DATA SHOWN -
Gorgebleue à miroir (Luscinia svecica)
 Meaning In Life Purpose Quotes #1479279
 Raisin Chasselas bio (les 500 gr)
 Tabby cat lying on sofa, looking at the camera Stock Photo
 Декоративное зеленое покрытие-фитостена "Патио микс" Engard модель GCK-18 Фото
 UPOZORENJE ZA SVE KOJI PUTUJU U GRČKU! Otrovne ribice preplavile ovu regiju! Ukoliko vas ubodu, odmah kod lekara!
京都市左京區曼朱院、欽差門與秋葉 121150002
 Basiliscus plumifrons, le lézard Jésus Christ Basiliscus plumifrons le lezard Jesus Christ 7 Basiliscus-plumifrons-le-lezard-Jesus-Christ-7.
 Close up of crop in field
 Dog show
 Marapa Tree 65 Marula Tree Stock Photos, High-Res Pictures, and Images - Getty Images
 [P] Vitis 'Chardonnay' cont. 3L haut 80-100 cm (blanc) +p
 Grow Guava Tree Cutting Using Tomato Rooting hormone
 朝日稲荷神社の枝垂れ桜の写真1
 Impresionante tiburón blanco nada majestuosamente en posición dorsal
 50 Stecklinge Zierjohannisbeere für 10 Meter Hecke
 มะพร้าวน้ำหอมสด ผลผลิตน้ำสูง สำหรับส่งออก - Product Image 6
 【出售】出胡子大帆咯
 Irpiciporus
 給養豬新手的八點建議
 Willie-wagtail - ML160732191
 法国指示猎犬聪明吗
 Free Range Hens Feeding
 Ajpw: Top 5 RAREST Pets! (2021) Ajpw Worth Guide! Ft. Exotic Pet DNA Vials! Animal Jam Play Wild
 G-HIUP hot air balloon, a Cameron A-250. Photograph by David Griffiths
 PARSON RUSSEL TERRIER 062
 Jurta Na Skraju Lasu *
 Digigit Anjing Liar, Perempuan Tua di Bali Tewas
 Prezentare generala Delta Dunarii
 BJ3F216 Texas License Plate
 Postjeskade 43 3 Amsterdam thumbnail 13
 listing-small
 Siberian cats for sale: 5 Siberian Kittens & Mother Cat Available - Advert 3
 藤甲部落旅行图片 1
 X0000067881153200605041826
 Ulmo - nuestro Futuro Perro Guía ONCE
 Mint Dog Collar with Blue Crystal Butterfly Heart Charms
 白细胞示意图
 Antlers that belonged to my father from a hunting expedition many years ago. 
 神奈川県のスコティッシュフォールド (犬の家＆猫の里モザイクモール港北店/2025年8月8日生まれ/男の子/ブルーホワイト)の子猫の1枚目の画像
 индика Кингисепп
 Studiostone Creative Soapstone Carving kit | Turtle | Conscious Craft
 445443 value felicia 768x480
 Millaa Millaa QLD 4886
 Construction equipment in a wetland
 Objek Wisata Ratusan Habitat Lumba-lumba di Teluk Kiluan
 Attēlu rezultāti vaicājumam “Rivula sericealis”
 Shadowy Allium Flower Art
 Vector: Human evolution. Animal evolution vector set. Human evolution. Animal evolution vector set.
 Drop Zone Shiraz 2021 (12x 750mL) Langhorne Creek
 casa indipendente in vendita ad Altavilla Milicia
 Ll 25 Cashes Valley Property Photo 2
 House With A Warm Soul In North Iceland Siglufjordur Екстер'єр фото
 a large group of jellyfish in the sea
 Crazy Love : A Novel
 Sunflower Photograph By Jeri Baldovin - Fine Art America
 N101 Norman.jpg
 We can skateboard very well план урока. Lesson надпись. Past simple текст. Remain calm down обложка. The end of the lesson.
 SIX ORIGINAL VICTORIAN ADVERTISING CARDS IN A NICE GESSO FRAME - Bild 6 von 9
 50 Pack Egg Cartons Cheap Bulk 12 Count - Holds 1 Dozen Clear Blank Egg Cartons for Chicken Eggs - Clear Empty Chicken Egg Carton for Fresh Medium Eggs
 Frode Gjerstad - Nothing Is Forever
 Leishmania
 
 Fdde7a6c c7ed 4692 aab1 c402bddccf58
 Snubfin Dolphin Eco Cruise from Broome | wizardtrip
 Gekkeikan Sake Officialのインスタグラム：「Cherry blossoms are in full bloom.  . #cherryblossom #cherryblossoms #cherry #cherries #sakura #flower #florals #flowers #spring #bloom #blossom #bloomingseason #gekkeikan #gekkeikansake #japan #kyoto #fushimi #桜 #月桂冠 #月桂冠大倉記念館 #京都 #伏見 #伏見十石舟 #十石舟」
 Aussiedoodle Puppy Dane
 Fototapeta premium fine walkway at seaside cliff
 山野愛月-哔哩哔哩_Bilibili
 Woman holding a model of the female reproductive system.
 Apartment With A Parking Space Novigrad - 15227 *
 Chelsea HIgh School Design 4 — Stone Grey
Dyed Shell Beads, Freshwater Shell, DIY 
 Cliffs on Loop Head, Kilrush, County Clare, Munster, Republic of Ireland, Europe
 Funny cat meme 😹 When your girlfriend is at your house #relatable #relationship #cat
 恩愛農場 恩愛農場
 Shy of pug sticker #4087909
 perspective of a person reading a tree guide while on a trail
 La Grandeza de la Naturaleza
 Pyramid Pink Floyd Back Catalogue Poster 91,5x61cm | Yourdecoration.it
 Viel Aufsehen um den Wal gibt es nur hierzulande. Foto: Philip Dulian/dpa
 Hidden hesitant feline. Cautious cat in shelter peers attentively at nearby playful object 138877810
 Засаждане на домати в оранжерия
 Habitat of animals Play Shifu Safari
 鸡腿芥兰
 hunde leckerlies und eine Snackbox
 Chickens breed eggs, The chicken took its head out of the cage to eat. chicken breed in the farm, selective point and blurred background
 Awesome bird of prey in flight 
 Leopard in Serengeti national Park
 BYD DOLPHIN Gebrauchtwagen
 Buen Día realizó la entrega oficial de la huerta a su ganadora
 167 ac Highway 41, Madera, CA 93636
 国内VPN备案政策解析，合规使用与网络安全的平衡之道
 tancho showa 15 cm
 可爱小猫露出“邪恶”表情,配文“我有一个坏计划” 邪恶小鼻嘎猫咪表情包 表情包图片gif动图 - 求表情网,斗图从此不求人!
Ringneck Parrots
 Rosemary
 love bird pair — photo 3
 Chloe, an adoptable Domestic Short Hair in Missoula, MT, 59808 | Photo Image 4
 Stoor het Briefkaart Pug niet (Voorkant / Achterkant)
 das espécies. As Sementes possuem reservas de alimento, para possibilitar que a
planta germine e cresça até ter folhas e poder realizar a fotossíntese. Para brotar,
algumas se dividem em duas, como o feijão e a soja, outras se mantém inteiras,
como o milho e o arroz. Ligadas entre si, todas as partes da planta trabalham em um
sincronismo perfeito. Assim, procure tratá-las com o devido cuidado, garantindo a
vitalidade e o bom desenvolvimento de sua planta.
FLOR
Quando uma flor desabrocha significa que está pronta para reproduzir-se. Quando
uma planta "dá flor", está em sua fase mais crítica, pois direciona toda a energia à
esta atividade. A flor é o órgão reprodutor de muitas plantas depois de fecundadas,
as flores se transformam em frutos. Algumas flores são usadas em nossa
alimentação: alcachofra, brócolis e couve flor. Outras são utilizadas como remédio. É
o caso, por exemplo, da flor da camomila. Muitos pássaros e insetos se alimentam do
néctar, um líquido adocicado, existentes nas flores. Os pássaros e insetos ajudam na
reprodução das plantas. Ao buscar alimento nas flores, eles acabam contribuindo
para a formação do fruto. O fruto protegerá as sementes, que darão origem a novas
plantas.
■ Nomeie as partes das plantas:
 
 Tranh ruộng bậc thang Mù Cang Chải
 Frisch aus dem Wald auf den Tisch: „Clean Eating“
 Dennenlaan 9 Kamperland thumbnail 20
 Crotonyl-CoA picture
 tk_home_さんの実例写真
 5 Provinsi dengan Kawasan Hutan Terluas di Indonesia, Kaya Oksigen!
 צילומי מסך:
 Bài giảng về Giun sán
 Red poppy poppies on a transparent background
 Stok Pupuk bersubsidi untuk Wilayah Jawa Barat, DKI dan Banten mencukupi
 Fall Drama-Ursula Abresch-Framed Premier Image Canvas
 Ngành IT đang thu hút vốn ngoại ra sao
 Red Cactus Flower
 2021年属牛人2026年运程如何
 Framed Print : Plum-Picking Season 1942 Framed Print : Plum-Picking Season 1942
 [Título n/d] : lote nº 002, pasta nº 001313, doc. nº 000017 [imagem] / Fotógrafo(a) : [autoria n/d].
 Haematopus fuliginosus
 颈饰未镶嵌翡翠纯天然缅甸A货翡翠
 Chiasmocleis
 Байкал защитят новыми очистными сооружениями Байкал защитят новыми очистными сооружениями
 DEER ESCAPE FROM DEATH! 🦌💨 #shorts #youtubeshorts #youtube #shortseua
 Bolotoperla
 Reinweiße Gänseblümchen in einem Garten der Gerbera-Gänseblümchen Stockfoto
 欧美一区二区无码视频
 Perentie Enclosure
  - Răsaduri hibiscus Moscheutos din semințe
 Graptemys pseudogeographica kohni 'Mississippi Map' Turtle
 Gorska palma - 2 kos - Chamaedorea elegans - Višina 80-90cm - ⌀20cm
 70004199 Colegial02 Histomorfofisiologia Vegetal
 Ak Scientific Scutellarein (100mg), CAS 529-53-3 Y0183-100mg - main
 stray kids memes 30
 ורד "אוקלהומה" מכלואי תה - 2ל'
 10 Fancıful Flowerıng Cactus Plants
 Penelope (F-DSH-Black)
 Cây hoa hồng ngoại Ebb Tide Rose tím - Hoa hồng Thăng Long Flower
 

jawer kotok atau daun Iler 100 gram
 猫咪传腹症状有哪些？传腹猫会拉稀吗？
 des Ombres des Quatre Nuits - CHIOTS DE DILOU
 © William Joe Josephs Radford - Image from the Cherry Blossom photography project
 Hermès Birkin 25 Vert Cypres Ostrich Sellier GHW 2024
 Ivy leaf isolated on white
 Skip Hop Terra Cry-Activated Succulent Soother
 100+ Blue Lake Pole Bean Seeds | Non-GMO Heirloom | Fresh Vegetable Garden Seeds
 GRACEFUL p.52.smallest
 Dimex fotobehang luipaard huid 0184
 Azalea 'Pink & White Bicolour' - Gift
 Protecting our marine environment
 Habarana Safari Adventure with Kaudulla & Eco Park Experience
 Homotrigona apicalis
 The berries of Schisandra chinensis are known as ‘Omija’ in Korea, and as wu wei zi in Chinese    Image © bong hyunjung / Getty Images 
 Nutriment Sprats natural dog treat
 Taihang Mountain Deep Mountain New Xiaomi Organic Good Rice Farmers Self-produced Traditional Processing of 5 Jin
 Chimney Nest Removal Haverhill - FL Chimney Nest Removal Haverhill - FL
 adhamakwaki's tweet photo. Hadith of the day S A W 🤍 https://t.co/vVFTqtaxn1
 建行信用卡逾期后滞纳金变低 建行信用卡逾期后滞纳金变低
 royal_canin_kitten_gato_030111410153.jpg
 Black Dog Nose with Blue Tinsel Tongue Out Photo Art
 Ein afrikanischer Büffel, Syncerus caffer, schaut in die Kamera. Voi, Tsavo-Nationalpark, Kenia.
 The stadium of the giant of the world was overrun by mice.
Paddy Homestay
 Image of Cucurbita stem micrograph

TASK TO COMPLETE -
Only the lines holding the string "Blue" are needed; copy each of them from the material above.

RESULT -
 Mint Dog Collar with Blue Crystal Butterfly Heart Charms
 100+ Blue Lake Pole Bean Seeds | Non-GMO Heirloom | Fresh Vegetable Garden Seeds
 Black Dog Nose with Blue Tinsel Tongue Out Photo Art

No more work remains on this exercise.